Start of Block

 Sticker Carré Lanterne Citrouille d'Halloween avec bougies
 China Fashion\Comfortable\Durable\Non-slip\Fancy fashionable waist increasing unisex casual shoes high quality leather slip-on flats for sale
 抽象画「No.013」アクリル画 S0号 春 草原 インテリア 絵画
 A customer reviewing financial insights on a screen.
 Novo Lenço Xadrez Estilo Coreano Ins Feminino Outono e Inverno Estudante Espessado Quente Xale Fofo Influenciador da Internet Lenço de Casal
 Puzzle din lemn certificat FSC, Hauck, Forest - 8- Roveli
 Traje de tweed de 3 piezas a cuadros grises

End of Block
Start of Block

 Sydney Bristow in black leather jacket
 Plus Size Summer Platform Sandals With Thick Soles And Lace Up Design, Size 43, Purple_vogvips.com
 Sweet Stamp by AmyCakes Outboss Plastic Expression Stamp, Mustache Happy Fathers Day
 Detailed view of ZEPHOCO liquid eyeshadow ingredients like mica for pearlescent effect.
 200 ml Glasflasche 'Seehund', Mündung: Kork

End of Block
Start of Block

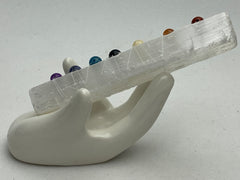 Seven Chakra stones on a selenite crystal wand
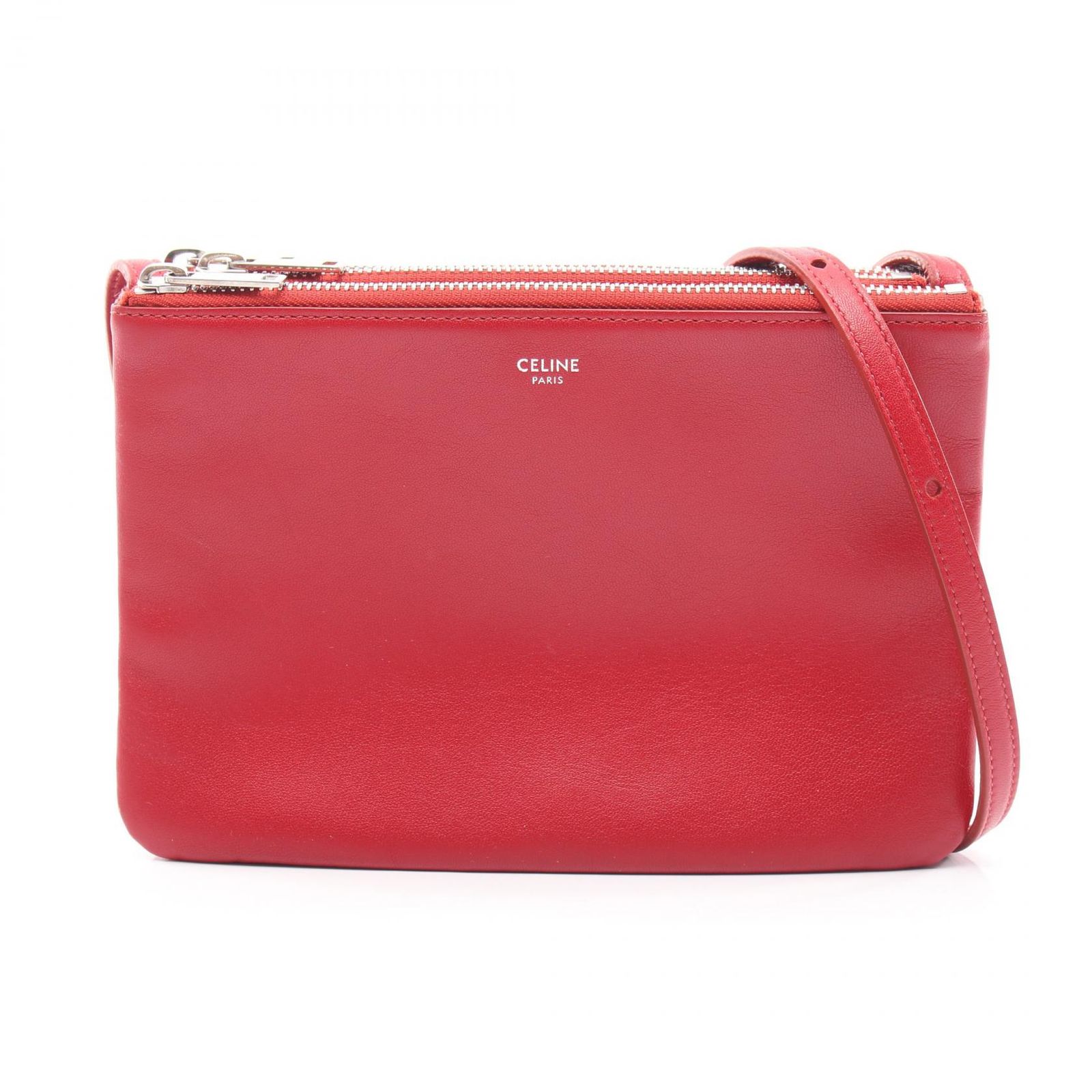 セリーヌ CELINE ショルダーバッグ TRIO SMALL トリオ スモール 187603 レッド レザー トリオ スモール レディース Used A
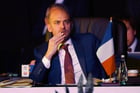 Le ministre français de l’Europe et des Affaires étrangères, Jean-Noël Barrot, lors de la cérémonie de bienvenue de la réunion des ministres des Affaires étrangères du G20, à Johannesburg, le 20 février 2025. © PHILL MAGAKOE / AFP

End of Block

What the task asks -> Give only the count of lines in the listing that contain the string "leather".

Answer to this exercise -> 2